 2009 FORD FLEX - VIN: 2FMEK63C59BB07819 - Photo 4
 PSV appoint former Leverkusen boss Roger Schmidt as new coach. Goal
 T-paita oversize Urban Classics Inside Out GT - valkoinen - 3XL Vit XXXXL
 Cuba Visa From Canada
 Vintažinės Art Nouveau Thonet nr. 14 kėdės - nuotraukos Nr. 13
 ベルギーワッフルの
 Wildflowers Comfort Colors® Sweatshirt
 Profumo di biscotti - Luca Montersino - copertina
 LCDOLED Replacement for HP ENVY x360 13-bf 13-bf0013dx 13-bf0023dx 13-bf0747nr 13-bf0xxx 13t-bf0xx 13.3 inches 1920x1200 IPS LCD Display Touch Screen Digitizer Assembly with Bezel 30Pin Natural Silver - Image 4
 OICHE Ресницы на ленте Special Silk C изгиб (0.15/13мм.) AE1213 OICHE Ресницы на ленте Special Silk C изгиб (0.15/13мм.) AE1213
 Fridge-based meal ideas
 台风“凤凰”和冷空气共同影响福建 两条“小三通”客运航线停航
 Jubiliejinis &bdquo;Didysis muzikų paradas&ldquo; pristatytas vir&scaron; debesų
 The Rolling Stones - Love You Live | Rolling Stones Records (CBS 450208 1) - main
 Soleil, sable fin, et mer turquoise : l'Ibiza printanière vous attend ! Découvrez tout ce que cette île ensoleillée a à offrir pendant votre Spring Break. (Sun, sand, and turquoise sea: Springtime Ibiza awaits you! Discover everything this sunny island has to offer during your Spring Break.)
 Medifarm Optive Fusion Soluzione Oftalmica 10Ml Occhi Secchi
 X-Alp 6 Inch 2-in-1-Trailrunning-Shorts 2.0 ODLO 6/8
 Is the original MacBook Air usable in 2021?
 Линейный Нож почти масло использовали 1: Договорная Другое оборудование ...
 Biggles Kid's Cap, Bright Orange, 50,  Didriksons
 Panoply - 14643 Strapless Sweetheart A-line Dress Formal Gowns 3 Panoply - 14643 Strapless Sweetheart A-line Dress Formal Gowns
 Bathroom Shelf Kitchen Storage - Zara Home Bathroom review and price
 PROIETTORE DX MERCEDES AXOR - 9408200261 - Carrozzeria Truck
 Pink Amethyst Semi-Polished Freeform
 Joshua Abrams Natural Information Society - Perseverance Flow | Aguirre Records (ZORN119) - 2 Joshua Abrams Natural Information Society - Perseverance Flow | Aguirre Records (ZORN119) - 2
· · · · ·
Counting only lines that hold the word "Records", say how many there are in the listing above and add nothing.

> **REPLY TO THE TASK**: 2